Son dönemde baş tacı olan lezzetlerden biri de siyez unu. En sağlıklı tür olduğu anlaşılınca menülerin demirbaşı oldu. 10 bin yıl önce kültüre alınmış modern buğdayın atası olan siyez buğdayının, ilk kez Güneydoğu Anadolu Bölgesi’nde yer alan Karaca Dağ’da ekildiği düşünülüyor.
Siyez buğdayına verilen ilk isim Hititçe bir kelime olan “zız” iken, daha sonraları “siyez” ve bazen de “kaplıca” olarak adlandırılmış. Peki ata tohumu siyez ile modern buğday arasındaki fark nedir? Her şeyden önce “genetiği değişmemiş bir buğday türü ve modern buğday tanesine göre çok daha küçük”. Modern buğday gibi glüten içeriyor ancak içerdiği glüten miktarı yüzde 50 daha az ve daha kaliteli. Ziraat mühendisi Neslihan Şimşek, “İçerdiği yüksek miktardaki karetonoidlerden dolaylı ciddi hastalıkların önlenmesinde fayda sağlıyor. Modern buğdayda bu karotenoidleri bulmak zor. Modern buğdaya göre 2 kat fazla A vitamini, 3-4 kat daha fazla lutein, 4-5 kat daha fazla riboflavin içerir” diyor.
Uzmanlara göre siyez,
- Bağışıklık sistemini güçlendiriyor.
- Düşük glisemik indeks içeriyor. Yani kanda şeker oranını birden yükseltmiyor ve vücutta açlık tokluk hissinin dengede seyretmesini sağlıyor.

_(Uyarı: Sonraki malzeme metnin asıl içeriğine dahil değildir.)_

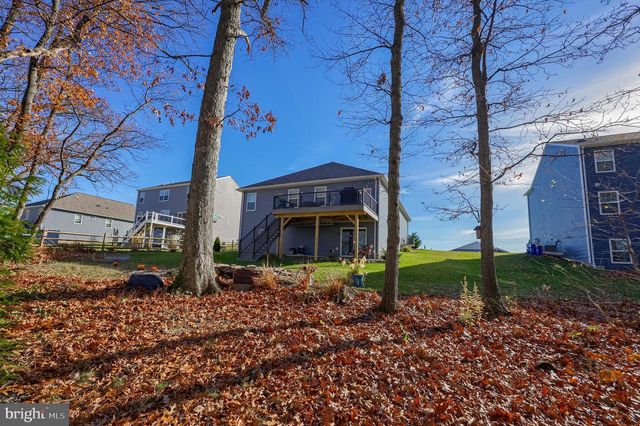 6132 DEBORAH DR, Spring Grove, PA 17362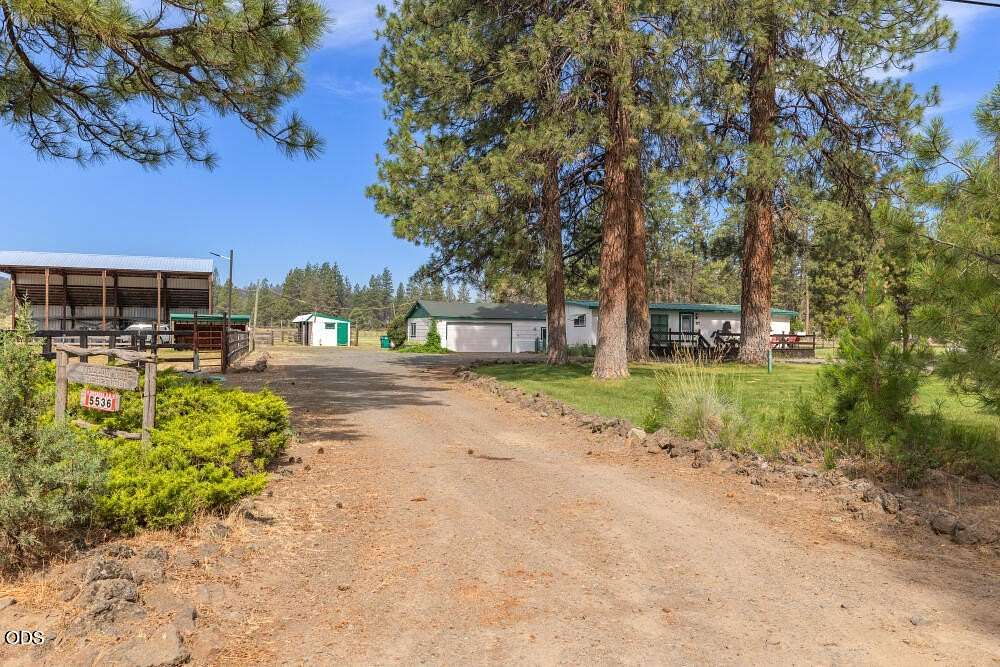 4.56 Acres of Land with Home for Sale in Bonanza, Oregon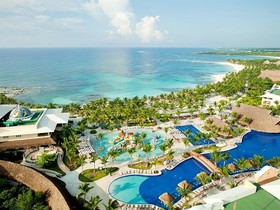 Premium Level at Barceló Maya Palace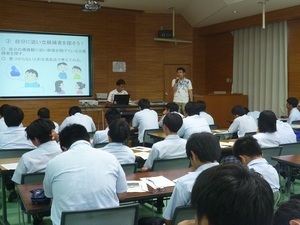 写真：選挙講座の様子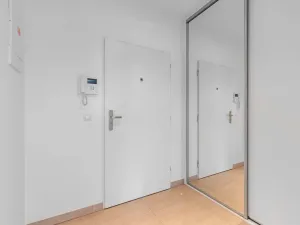 Pronájem bytu 1+kk, Praha - Libeň, Sokolovská, 38 m2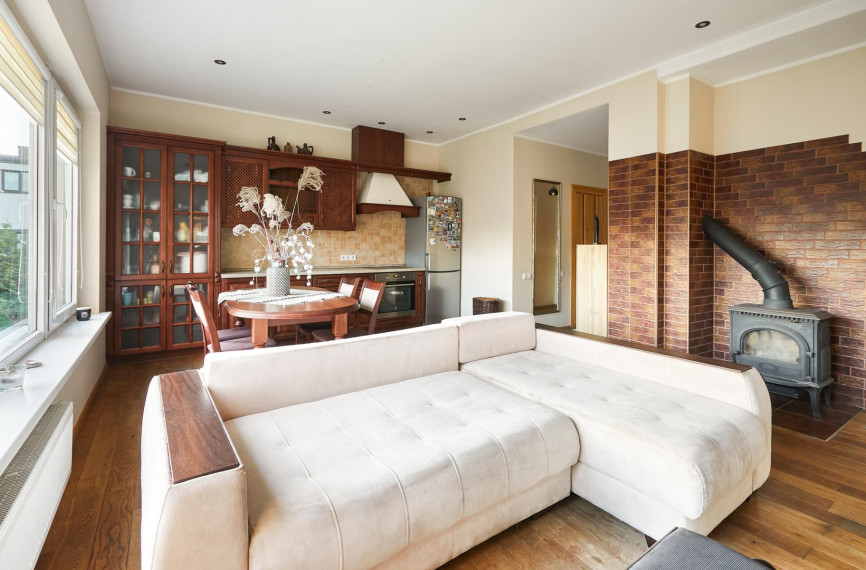 Parduodamas namas Tilžės g., Vilijampolė, Kauno m., Kauno m. sav., 137.00 m² ploto 3 kambariai 1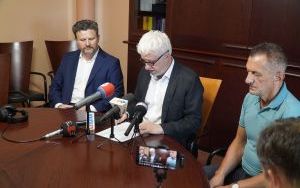 Konferencja prasowa ws. wysypiska na Brzeziu (1)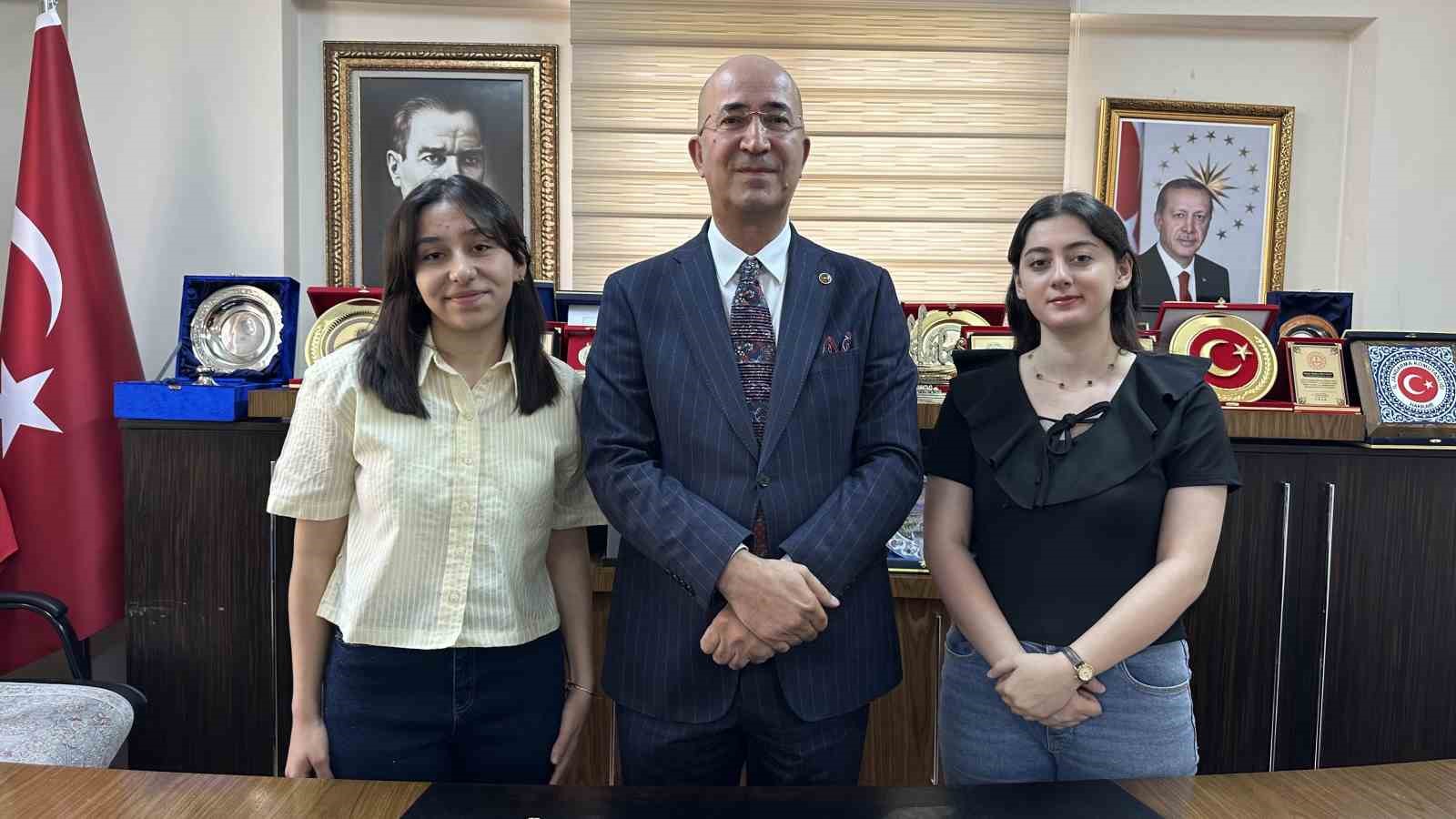 esendere-belediyesinden-genclere-destek-universiteyi-kazanan-her-ogrenciye-100-bin-tl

- Tarıma elverişsiz arazilerde bile ekilebiliyor.
- Ekmek yapımında kullanılan buğdaylara göre protein oranı yüksek, karbonhidrat oranı ise düşük.
- Vitamin ve mineral açısından zengin. B grubu vitaminlere ek olarak E vitamini ve K2 vitamini, demir, fosfor, magnezyum gibi önemli mineraller içeriyor.
- Yüksek lifli yapısı sindirime yardımcı oluyor. Normal ekmeğe göre daha bağırsak dostu.
- İçerdiği lutein miktarı diğer buğday çeşitlerine göre daha fazla.
- Bugünkü bilinen buğdayın en eski türü olan siyez 14 kromozoma sahip diploid bir buğday.